Summer is HOT in Queensland. I want to spend minimum time in the kitchen, sweating over the stove. That is not for me. It’s currently autumn and it’s still too freaking hot and humid.
This was the first time I made this, completely on a whim, but I’m not new to the concept of Japanese donburi (rice bowl dishes) for their simplicity. A well-balanced and healthy meal full of flavour and freshness. I’ve also been slightly obsessed with thinking of different ways to use green tea in my meals/desserts/cocktails. You could go all out and get matcha green tea, if you want to be fancy. There’s different types of matcha green tea that I won’t go into here but a quick Google should help you out.
What I am going to talk about is furikake.
If you’ve never used furikake, you want to get your hands on it.
It’s a Japanese seasoning that mostly compromises of flakes of seaweed and sesame seeds. Varieties apart from plain include added wasabi, bonito flakes, prawn (ebi), corn/vegetable, etc. They’re great for sprinkling into rice, noodles, soups, okonomiyaki.. You get the point. When buying them, they’ll come in different colours with Japanese labels. Check the ingredients which should be in English, if you’re unsure what each flavour is. I like to buy the variety with added bonito flakes. I find they add a more “traditional” flavour to the dishes (think of all the Japanese dishes that incorporate bonito flakes)!
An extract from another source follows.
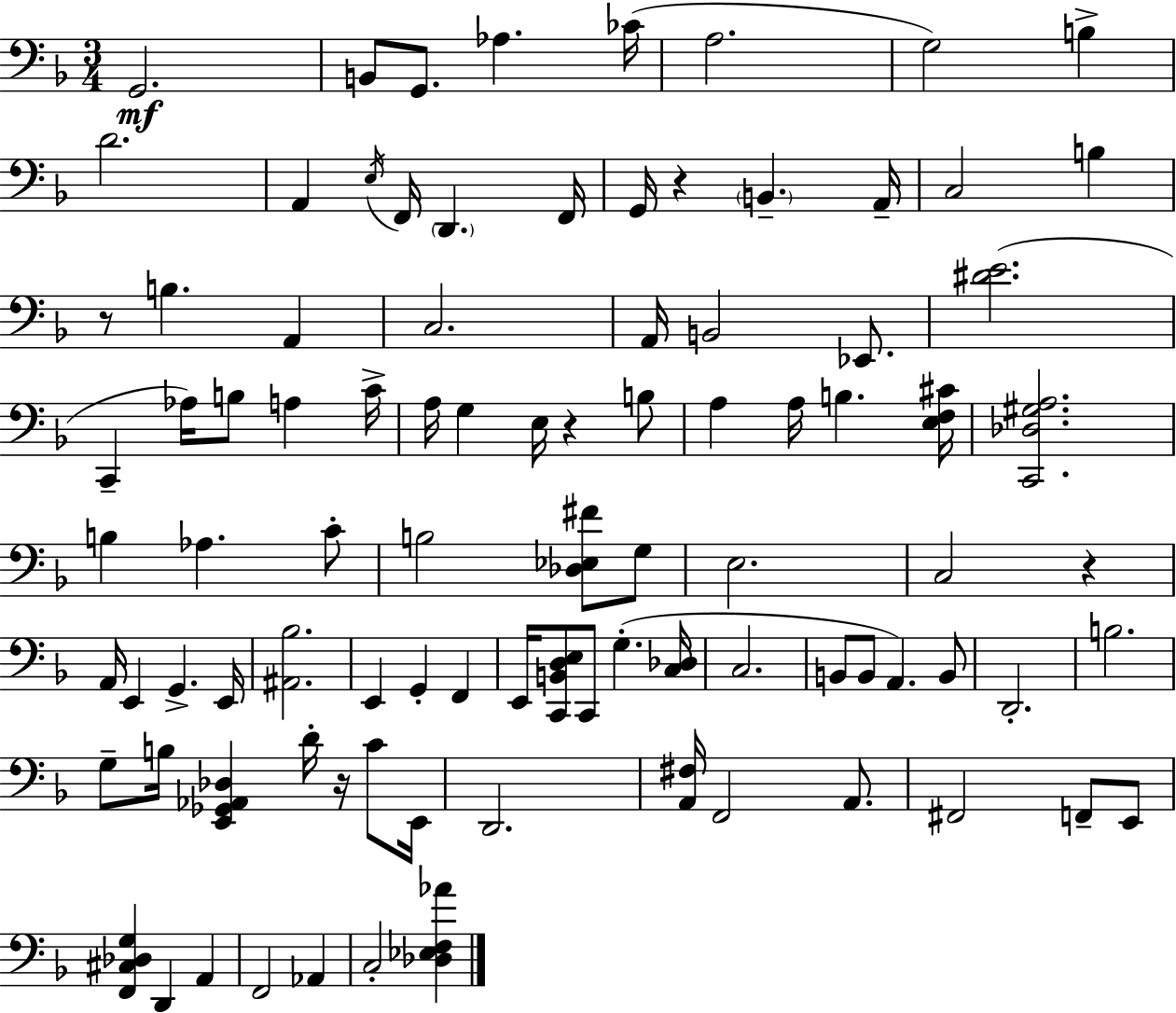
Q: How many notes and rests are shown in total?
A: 93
I love raw salmon but the heat from tea just ever so slightly cooks the salmon. The thinner the salmon slices, the more the salmon will cook.
It looks cool as all hell pouring tea out of a tea pot into a rice bowl. This is comfort, homecooked meal with just enough flourish and pizzazz that it’d be awesome for guests.
Bonus: you’ve also got drinks sorted. Set out a tea cup with your meal.
Salmon and Green Tea Donburi
- 2 x ~100g salmon fillets (skin on or off, up to you), thinly sliced
- 1 cup of long-grain rice, cooked
- 1 bunch of Asian greens (I used pak choy), roughly chopped
- 2 bags of green tea
- Hot water (80°C is ideal. Bonus tip: boil water to 100°C and leave it for two minutes before pouring)
- Switch on the kettle. Make your rice. Quickly fry off your Asian greens in a hot pan with oil.
- Add water to tea pot with tea bags.
- Assemble rice bowl by.. umm… putting cooked rice in bowl. Top with raw salmon, veggies and furikake.
- Pour hot tea over, just enough to make rice slightly soupy (see pic), and watch the magic happen!
Cook rice according to your preferred method. If you time everything right this dish can literally take 20 minutes from start to finish.
Substitute salmon with cubes of silken tofu for another instant, minimal cooking for vegetarians.
Asian greens – if you’re super lazy like me, just snap/tear them straight into the pan.
It’s also a quick way to use up leftover rice – and you’ll have an even quicker meal that takes as long as a pot of tea to be made!
EDIT: My sister has mentioned how great green tea with roasted rice would be for this dish! YES. Do this. If you can. Do it. Do it. Do it.